• _PROVIDED DATA_:
- Opening Delimiter -

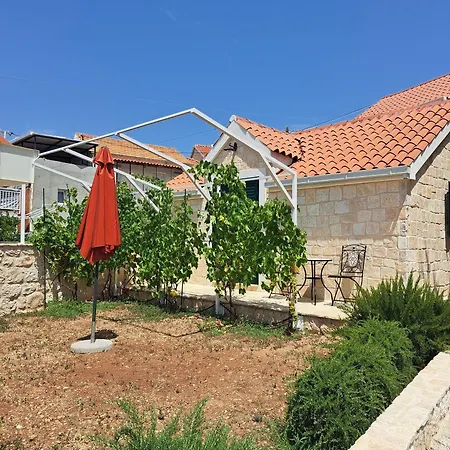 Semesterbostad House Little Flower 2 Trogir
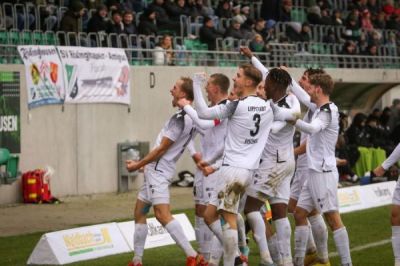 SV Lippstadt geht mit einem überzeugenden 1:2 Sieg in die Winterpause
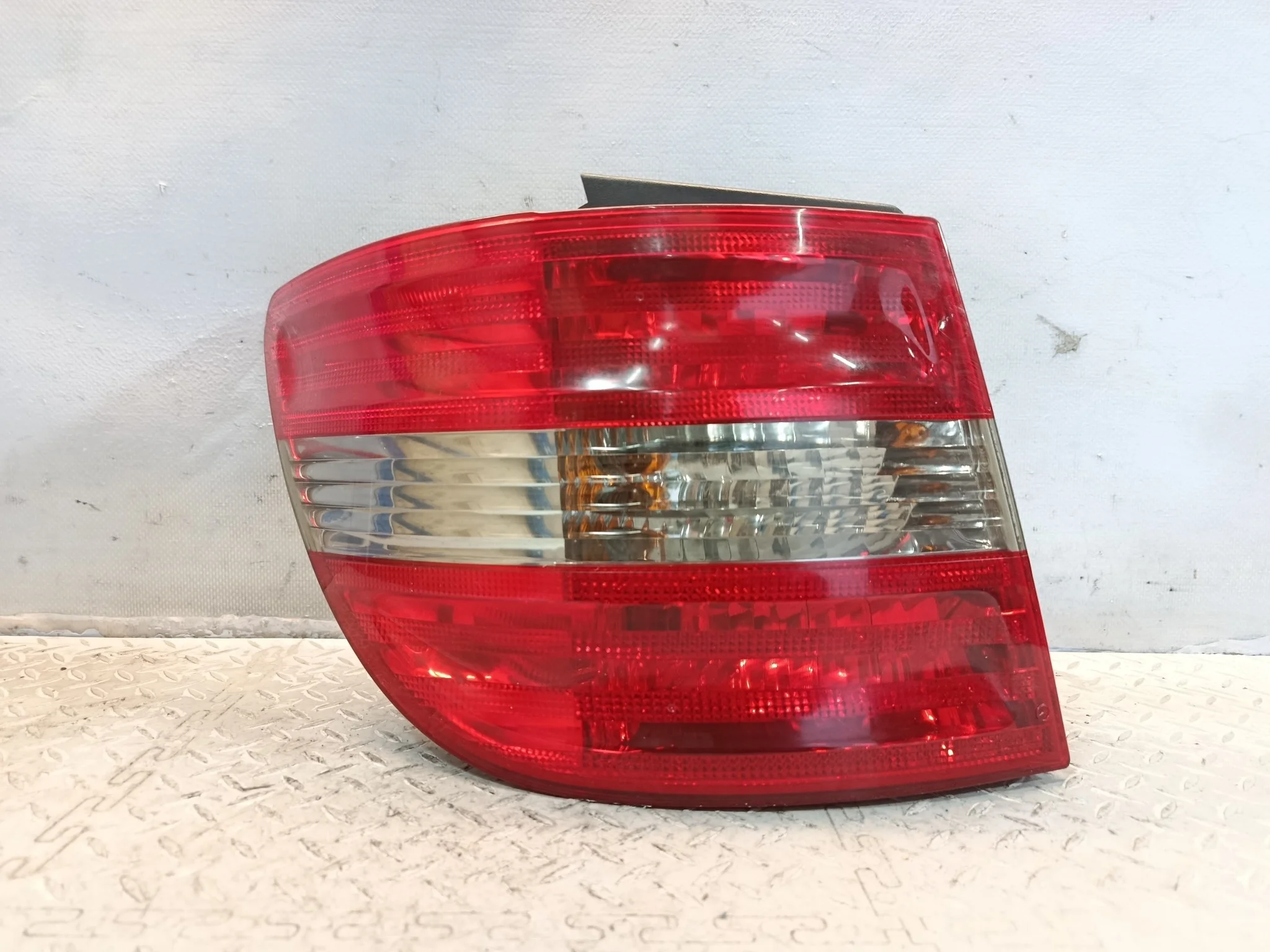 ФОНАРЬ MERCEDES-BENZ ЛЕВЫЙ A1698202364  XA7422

- Closing Delimiter -
- Opening Delimiter -

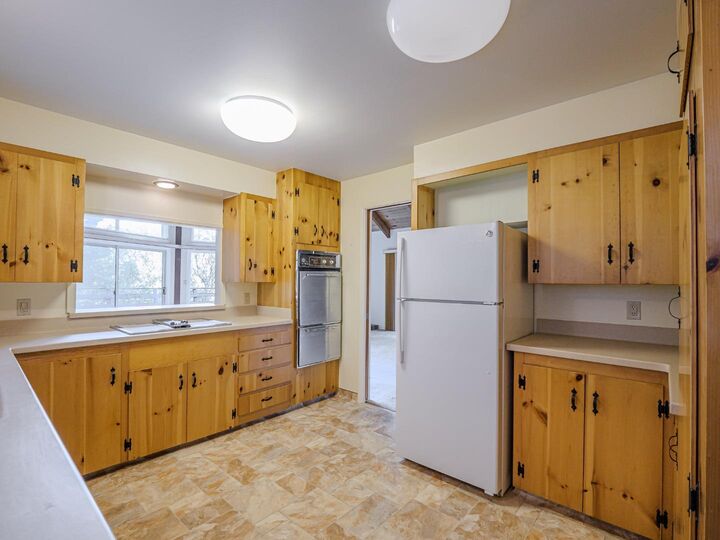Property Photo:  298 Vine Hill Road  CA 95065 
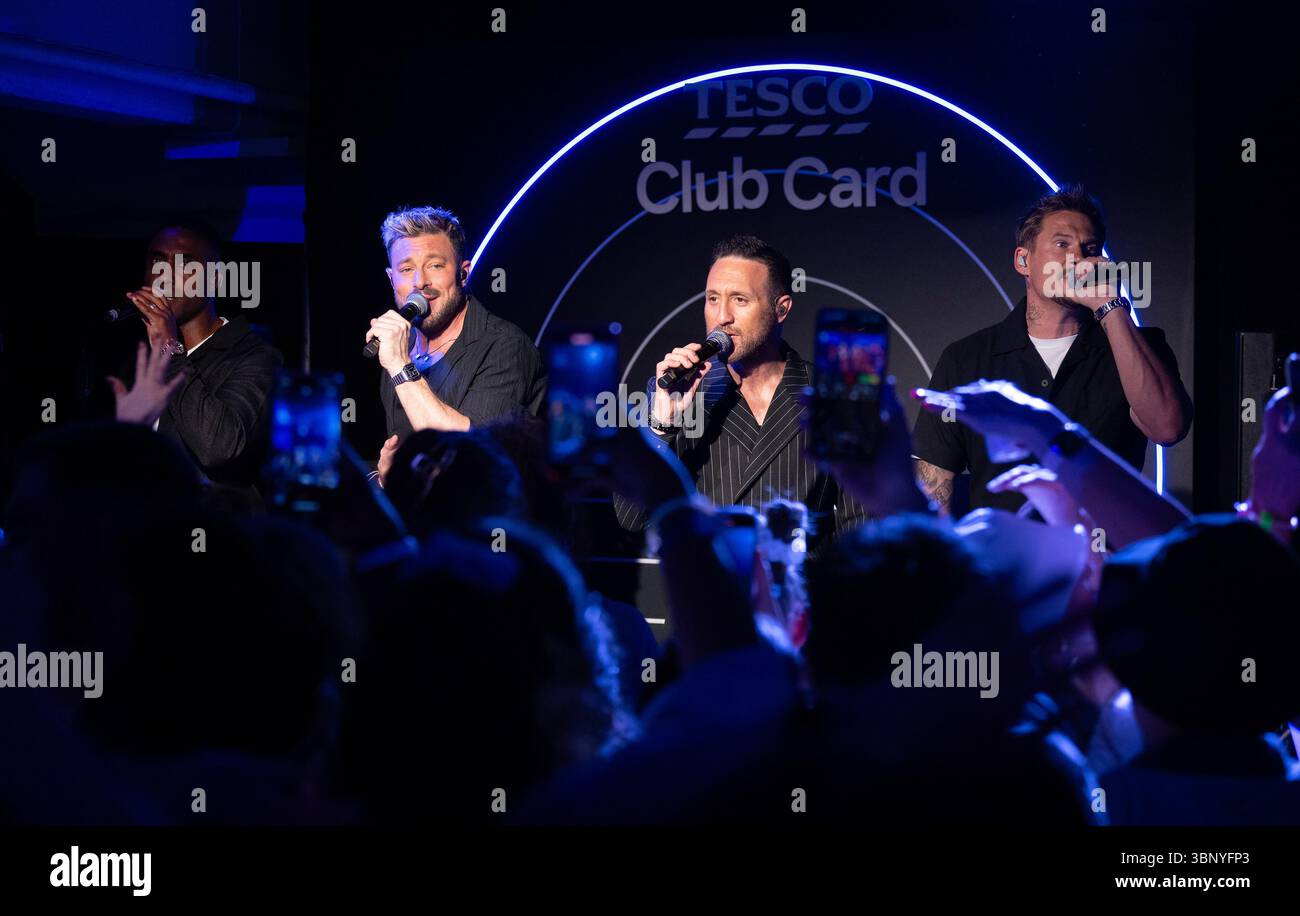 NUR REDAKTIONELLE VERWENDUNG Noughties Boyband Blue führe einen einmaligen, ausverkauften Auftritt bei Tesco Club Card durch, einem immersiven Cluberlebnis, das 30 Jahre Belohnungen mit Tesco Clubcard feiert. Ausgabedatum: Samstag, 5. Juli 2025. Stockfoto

- Closing Delimiter -
- Opening Delimiter -

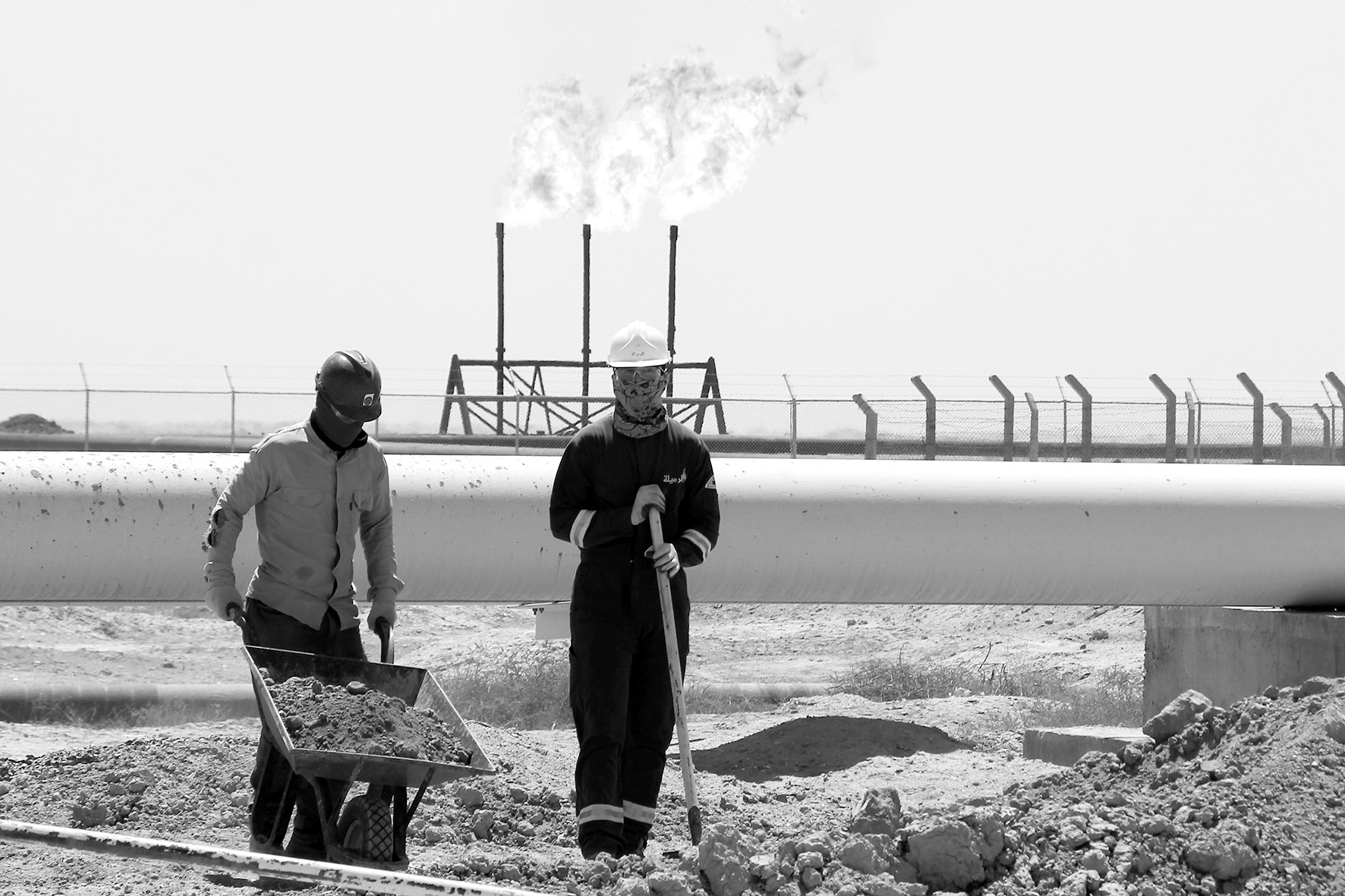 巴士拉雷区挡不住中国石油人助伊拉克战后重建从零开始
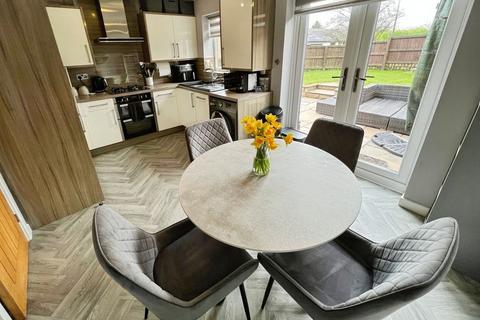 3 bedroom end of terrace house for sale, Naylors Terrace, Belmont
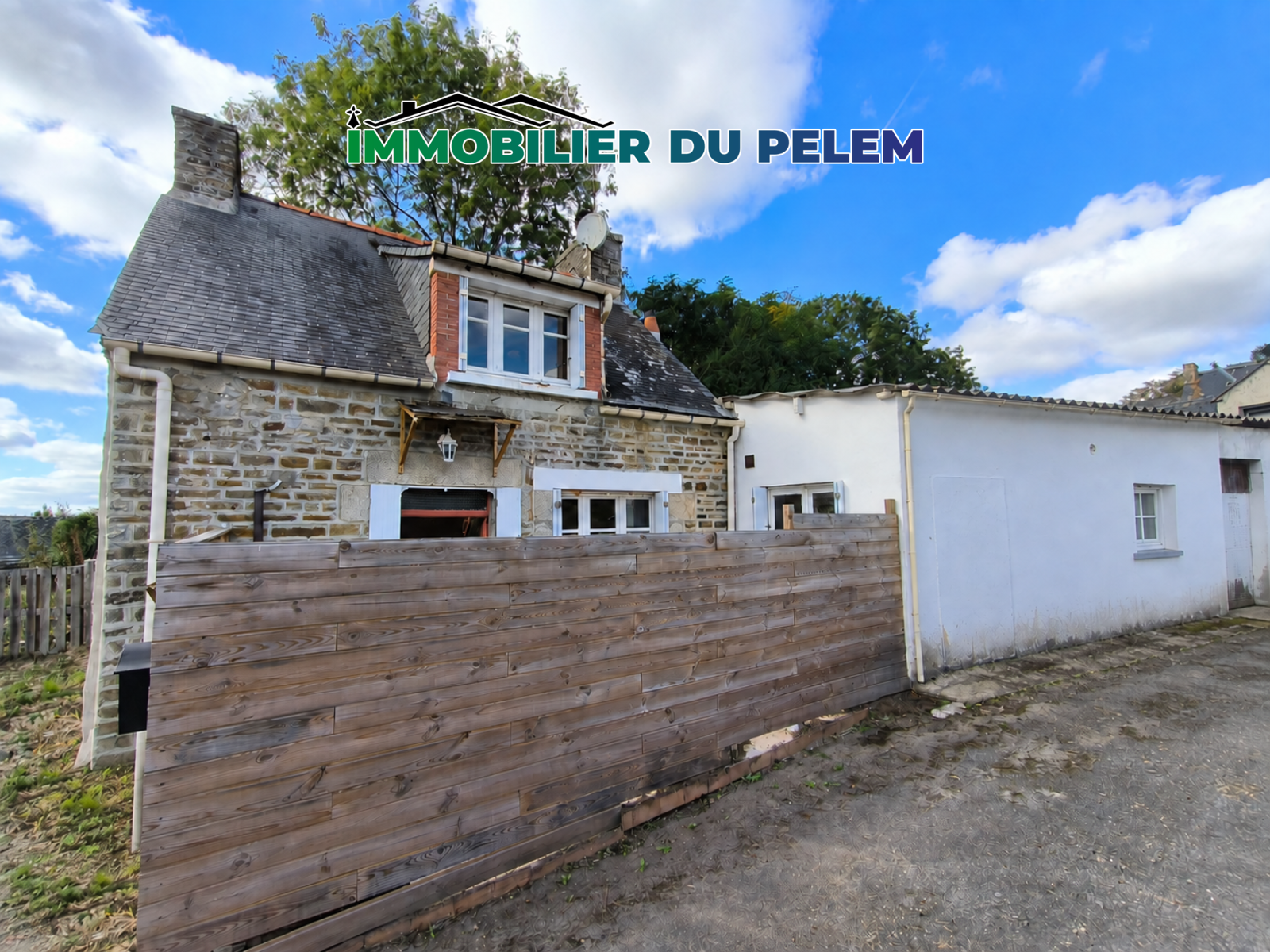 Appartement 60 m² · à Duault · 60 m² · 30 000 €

- Closing Delimiter -

• _THE PROBLEM_: Would you output only the span of the records above that opens with the line containing "Semesterbostad House Little Flower 2 Trogir" and closes with the line containing "ФОНАРЬ MERCEDES-BENZ ЛЕВЫЙ", ends included and pictures dropped?

• _WRITTEN RESPONSE_:
 Semesterbostad House Little Flower 2 Trogir
 SV Lippstadt geht mit einem überzeugenden 1:2 Sieg in die Winterpause
 ФОНАРЬ MERCEDES-BENZ ЛЕВЫЙ A1698202364  XA7422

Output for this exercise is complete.